**What to do:** Only the lines below between the one holding "XCEL Floral Foam" and the one holding "Vila Pants, Alternate, color, Costa Azul", inclusive, are to be reproduced word for word; the pictures are to be left out.

----- Supplied material

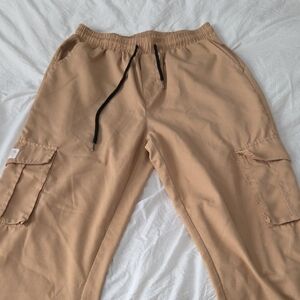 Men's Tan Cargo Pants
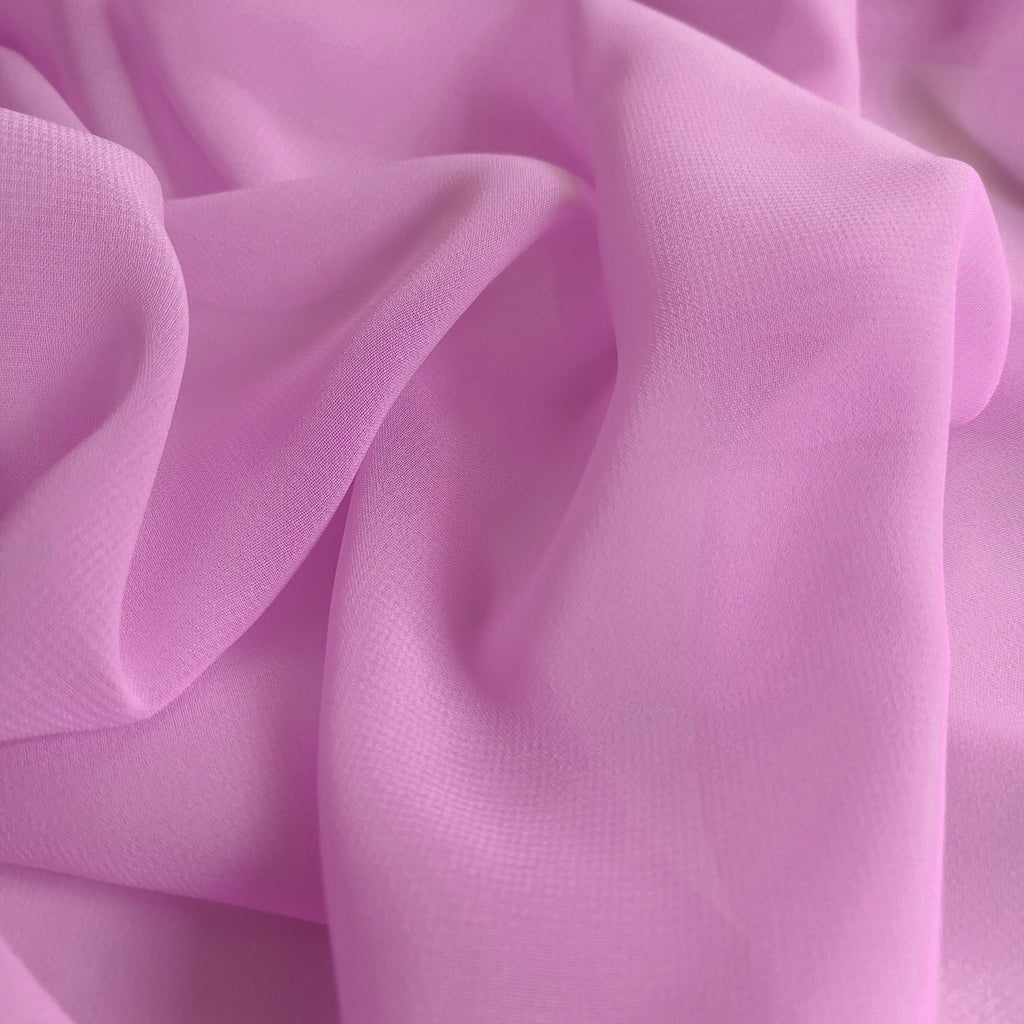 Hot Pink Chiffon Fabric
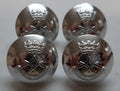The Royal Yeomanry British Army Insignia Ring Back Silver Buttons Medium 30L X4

----------
----- Supplied material

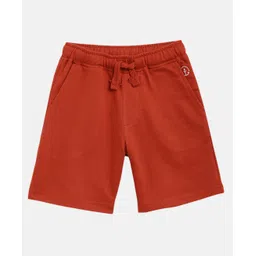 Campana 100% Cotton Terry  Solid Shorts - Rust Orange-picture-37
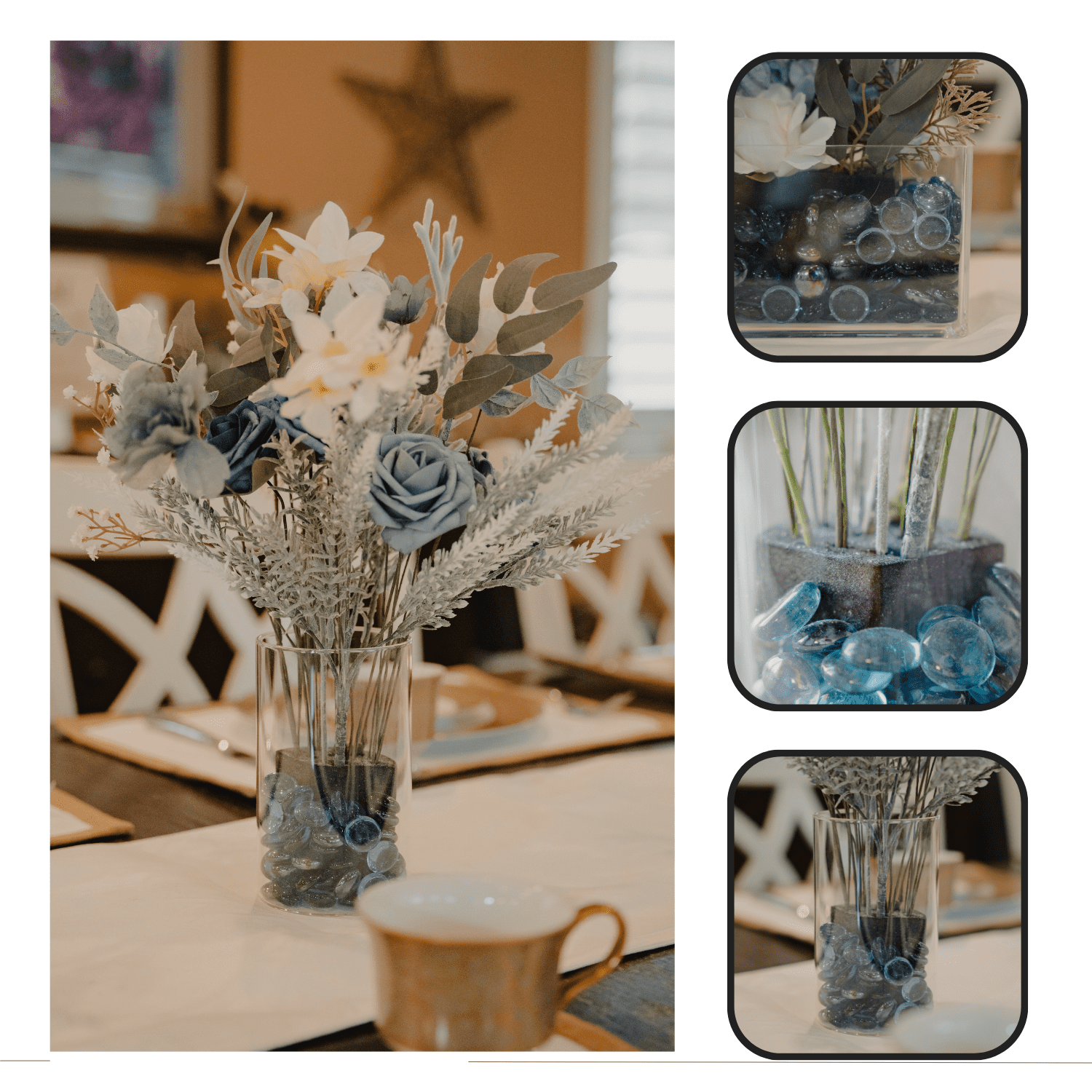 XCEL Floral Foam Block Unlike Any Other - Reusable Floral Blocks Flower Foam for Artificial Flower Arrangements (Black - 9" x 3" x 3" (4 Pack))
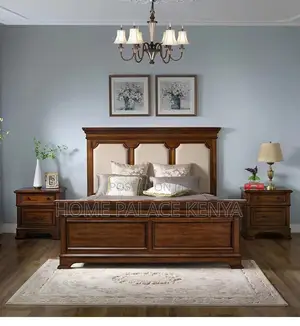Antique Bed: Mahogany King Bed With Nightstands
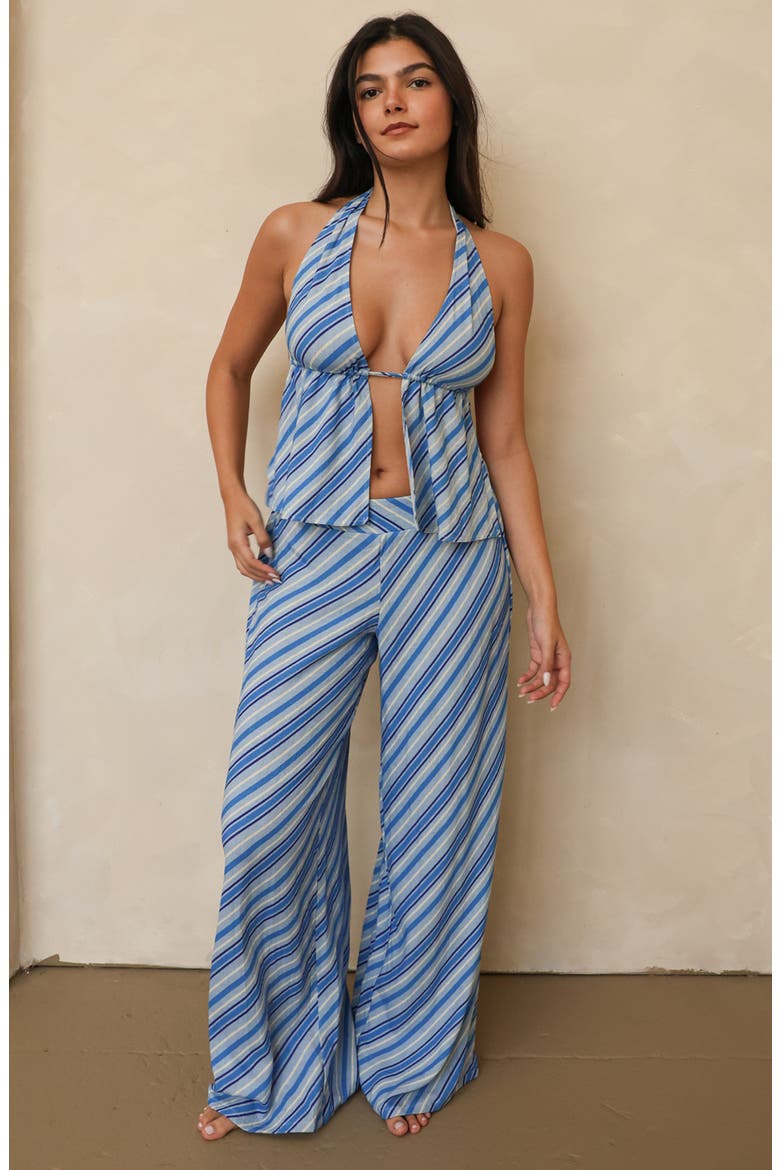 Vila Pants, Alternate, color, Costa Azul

----------

**Solution:**
 XCEL Floral Foam Block Unlike Any Other - Reusable Floral Blocks Flower Foam for Artificial Flower Arrangements (Black - 9" x 3" x 3" (4 Pack))
Antique Bed: Mahogany King Bed With Nightstands
 Vila Pants, Alternate, color, Costa Azul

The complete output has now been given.